Garth Marenghi’s Darkplace (2004): Mocking the Eighties through Horror Spoof

I’m writing about an English TV show AGAIN. I’m sorry. I did establish in my last post that I’m an anglophile. So what can I say? I bleedin’ love ‘em Brits! My topic, however, differs dramatically from my previous ones; instead of writing about something that really scared or disturbed me, I’m writing about a quality horror spoof that really made me laugh. It captures all the clichés, tropes and atmosphere of eighties television and horror B-movies succinctly. It’s called Garth Marenghi’s Darkplace.

The show is supposedly an unaired horror TV show called Darkplace that was filmed in the eighties and has now been requested for airing by a television network. Darkplace was written by a horror author called Garth Marenghi, and the episodes are interrupted from time to time by comments from Mr Marenghi, his co-stars and his publisher/producer, Dean Learner. Marenghi and Learner are fictional characters wonderfully portrayed by Matthew Hollness and Richard Ayoade, respectively (these two also wrote the real series, and Richard directed). The show is set in a hospital (Darkplace), where the characters experience a series of supernatural events. In Darkplace the gates of Hell are opened, vengeful Scotsmen arrive in a mist, and Skipper the Eyechild is born.

Dr. Sanchez confronting a possessed iron.

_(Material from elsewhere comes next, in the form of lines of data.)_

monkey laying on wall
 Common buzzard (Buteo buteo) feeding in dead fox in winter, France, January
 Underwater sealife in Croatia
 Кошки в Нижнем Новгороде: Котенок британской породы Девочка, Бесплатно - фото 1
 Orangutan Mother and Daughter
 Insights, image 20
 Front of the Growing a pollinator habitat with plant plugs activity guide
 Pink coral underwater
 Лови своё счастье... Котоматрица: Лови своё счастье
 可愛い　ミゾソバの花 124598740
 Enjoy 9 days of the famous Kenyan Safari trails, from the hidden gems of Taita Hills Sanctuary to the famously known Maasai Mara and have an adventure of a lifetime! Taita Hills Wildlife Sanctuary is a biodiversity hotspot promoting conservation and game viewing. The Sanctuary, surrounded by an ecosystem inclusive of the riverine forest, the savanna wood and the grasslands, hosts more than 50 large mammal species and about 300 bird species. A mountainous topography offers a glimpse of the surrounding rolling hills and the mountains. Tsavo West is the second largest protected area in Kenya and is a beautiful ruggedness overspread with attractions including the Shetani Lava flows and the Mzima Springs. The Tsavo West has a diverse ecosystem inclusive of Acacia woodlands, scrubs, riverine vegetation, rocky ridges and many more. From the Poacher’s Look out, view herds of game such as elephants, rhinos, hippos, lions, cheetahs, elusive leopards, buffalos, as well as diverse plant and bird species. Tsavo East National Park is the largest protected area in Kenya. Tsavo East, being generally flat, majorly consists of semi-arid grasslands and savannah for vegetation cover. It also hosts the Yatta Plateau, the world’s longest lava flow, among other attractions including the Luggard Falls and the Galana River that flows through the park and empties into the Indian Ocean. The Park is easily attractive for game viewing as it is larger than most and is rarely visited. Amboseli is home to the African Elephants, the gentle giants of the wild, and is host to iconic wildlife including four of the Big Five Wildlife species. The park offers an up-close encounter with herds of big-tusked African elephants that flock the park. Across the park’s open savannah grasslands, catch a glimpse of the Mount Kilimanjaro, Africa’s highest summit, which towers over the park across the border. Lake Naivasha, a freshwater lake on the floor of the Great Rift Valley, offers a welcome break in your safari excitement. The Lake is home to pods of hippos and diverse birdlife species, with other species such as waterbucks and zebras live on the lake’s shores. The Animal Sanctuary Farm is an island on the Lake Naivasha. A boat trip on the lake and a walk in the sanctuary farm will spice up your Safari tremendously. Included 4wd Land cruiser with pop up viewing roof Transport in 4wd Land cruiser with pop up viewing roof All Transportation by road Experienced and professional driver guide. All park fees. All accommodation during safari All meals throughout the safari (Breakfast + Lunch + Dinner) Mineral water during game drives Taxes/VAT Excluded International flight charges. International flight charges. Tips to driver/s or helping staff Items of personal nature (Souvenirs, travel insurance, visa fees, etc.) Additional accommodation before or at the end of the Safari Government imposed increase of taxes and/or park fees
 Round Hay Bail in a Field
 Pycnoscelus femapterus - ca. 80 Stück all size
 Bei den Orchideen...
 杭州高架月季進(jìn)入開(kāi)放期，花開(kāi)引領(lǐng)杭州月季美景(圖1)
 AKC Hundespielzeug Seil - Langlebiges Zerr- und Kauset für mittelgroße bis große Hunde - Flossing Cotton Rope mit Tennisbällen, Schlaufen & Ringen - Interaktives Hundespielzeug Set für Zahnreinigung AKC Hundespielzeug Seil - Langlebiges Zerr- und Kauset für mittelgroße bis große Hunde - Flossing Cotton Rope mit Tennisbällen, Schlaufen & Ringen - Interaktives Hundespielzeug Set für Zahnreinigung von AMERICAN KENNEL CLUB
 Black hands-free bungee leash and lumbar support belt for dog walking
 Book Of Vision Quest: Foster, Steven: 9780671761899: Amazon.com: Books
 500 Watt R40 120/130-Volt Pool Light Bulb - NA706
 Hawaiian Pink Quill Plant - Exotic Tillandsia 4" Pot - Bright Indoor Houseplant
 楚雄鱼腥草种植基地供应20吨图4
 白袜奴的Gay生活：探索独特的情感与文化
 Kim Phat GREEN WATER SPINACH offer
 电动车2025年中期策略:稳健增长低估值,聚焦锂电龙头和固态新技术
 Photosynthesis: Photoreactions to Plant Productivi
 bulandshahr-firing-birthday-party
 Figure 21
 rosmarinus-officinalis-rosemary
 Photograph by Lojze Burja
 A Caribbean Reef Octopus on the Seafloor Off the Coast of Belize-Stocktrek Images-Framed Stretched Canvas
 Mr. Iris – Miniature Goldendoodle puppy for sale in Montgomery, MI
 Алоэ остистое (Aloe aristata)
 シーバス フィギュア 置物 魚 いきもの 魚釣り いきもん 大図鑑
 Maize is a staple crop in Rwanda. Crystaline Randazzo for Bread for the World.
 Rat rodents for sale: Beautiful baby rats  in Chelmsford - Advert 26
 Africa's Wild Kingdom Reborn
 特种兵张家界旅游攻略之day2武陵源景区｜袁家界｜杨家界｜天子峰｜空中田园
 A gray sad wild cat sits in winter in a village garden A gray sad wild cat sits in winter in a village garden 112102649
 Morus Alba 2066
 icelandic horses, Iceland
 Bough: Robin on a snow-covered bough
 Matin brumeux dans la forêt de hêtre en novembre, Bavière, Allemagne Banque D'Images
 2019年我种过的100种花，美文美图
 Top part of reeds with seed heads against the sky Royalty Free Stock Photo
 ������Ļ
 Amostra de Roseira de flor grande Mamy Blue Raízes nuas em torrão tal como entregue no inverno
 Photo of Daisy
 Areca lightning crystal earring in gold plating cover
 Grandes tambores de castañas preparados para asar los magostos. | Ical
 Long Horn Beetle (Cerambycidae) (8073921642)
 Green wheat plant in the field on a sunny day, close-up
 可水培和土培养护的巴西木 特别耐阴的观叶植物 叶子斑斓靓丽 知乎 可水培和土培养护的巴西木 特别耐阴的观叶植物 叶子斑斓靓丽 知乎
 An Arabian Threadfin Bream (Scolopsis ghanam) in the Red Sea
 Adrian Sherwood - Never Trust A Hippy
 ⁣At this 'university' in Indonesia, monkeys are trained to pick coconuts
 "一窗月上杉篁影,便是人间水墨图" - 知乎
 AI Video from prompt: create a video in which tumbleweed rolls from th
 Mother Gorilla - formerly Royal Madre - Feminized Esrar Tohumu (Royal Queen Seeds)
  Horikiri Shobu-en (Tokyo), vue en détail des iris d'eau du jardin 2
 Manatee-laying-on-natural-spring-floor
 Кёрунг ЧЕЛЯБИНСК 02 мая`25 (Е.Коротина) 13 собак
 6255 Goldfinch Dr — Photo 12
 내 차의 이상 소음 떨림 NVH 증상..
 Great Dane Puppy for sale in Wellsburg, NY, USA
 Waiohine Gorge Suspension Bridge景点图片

Now, where to begin? This show parodies the eighties pseudo-dramatic B-movies and TV shows wonderfully. The overall visual style of the eighties shows very prominently as well; the opening credits immediately reminded me of MacGyver on the very first viewing. Bad acting, badly timed action, defective camera-angles, horrible dialogue, shoddy voice editing and nostalgic synth music are all mocked, in my opinion, rather tastefully in this melange of everything that was done badly a couple of decades ago. I just have to give you a taste of the dialogue that serves in itself as spoof:

Dr. Liz Asher: Hi, I’ve come to apply for the doctor’s job. I can assure you my credentials are top-notch, I’ve just graduated from Harvard College Yale. I aced every semester, and I got an ‘A’.

Receptionist: Well that sounds excellent. Our last doctor only just recently died in horrific circumstances. Can you start immediately?

Dr. Liz Asher: Sure, do I have time to go to the toilet?

Receptionist: Not really, I’ve just paged Dr. Sanchez to come and pick you up.

Dr. Lucien Sanchez: I’m Dr. Sanchez! You’re a woman.

Dr. Liz Asher: Yes, I hope that’s not a problem.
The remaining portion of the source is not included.